Das 1999 verabschiedete Gesetz über den Baikalsee ist mangels Ausführungsbestimmungen immer noch nicht anwendbar, und der für den Baikalsee zuständige Ausschuss wurde im Jahr 2000 aufgelöst. Daher wird derzeit diskutiert, den Baikalsee auf die Rote Liste zu setzen.

Auch das Gebiet der Everglade-Sümpfe in Florida, USA ist durch industrielle und landwirtschaftliche Verschmutzung gefährdet: der Wasserspiegel sinkt, und die Artenvielfalt geht zurück.

Andere Kulturlandschaften sind ganz spezifischen Gefahren ausgesetzt, etwa die Reisterrassen auf der philippinischen Insel Luzon. Nachdem sie jahrhundertelang von Menschen bestellt wurden, sind sie, seit es rationellere landwirtschaftliche Produktionsmethoden gibt, dem Verfall überlassen.

Die Ausgrabungsstätte von Chan Chan in Peru wiederum ist durch die von El Niño bedingten Klimaveränderungen bedroht. Eine Gefährdung können auch einfach Neubauten darstellen. Das gilt für die Akropolis, die Altstadt von Wien und den Palast des Dalai Lama in Lhasa.

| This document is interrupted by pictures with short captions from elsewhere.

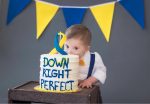 Child with down syndrome munches down on a cake titled down right perfect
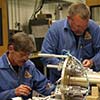 Mechanical and electrical techs with payload section.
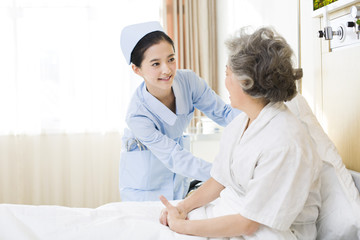 Obraz na płótnie Canvas Nurse taking care of senior woman in hospital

Manche Fälle grenzen ans Absurde. So hat die Unesco in Luang Prabang, der am Mekong gelegenen ehemaligen Königshauptstadt von Laos, vor mehreren Jahren mit Hilfe der Europäischen Union und des französischen Entwicklungsinstituts AFA eine Hilfsaktion gestartet, um die historische Stadt samt ihrer natürlichen Umgebung (urbane Gestaltung, traditionelle Architektur, Feuchtgebiete) zu erhalten. Doch jetzt werden diese Arbeit und die Stätte selber durch ein Bauprojekt der asiatischen Entwicklungsbank gefährdet, das auf das kulturelle Erbe der ehemaligen Hauptstadt keine Rücksicht zu nehmen scheint.

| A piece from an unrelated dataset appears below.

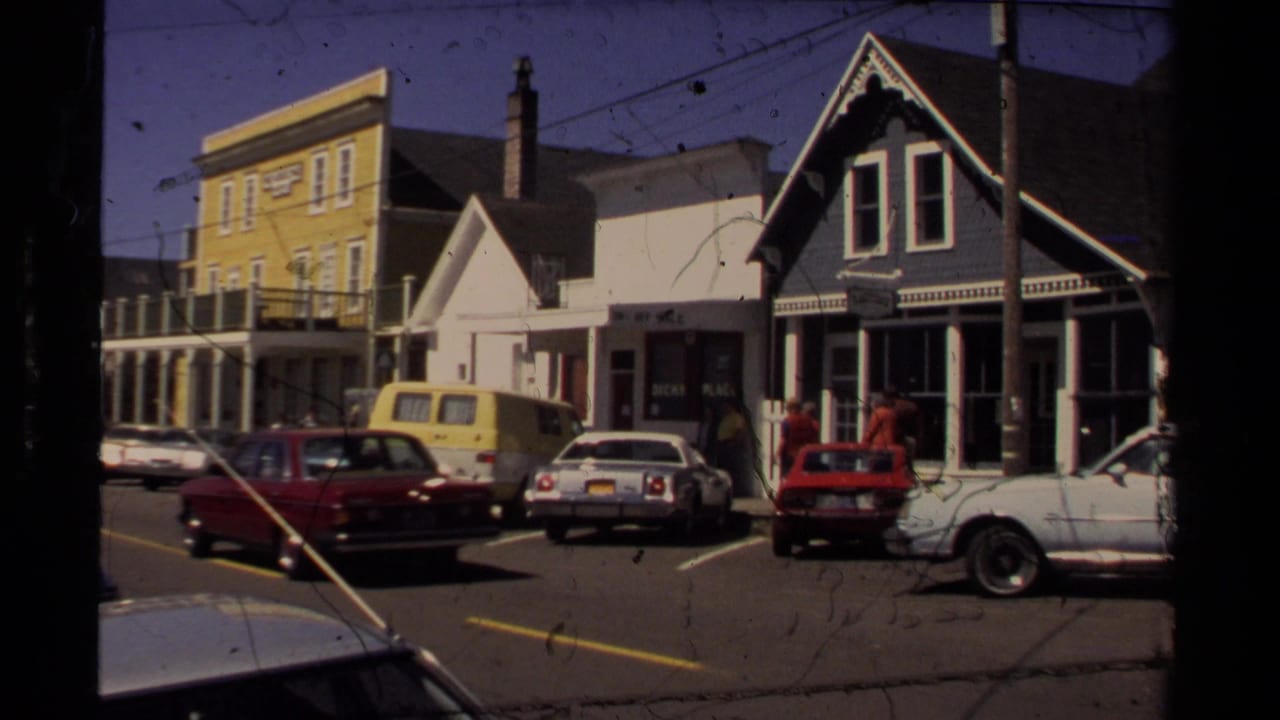 Mendocino downtown street view with Victorian-style storefronts, 1980s parked cars, a yellow van, and pedestrians near shopfronts.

In der Mehrzahl dieser Fälle sind dem Komitee zum Schutz des Welterbes die Hände gebunden. Es steht ihm zwar frei, die Kulturdenkmäler in seine Liste aufzunehmen, es kann aber einem souveränen Staat keine Maßnahmen zu deren Erhaltung aufzwingen. Und es kann auf dessen Territorium und ohne dessen Einwilligung auch nichts selbst unternehmen. Manche Staaten fordern sogar, dass vor einer Aufnahme in die Rote Liste ihr Einverständnis eingeholt werden muss.

Mit Hilfe der modernen Kommunikationsmittel gelangen Meldungen von Vereinen oder Privatpersonen über drohende Schäden am Welterbe nunmehr nicht nur direkt in die Unesco-Computer, sondern auch zu den Regierungen, die solche Beschwerden nicht mehr ignorieren können.

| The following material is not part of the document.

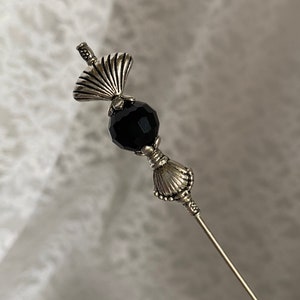 Puede incluir: Un alfiler de plata con una cuenta de cristal negro y dos abalorios decorativos en forma de concha.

Dank solcher Wachsamkeit – und der Konvention von 1972 – ist es in den letzten Jahren immerhin gelungen, potenziell bedrohliche Projekte zu stoppen: zum Beispiel die Pläne, eine Fabrik in Sichtweite des Heiligtums in Delphi zu errichten, oder einen Autobahnzubringer in unmittelbarer Nähe der Pyramiden von Gizeh vorbei zu führen oder einen überdimensionalen Gebäudekomplex bei Schloss Sanssouci in Potsdam zu bauen.

Vor kurzem hat die Regierung von Sri Lanka trotz Bürgerkrieg die Erweiterung eines Militärflughafens aufgegeben, der neben der historischen Stätte Sigiriya gelegen ist. Und in Rumänien wurde das Projekt eines „Dracula-Parks“ in der Nähe der historischen Stadt Sighisoara/Schäßburg in Siebenbürgen gekippt.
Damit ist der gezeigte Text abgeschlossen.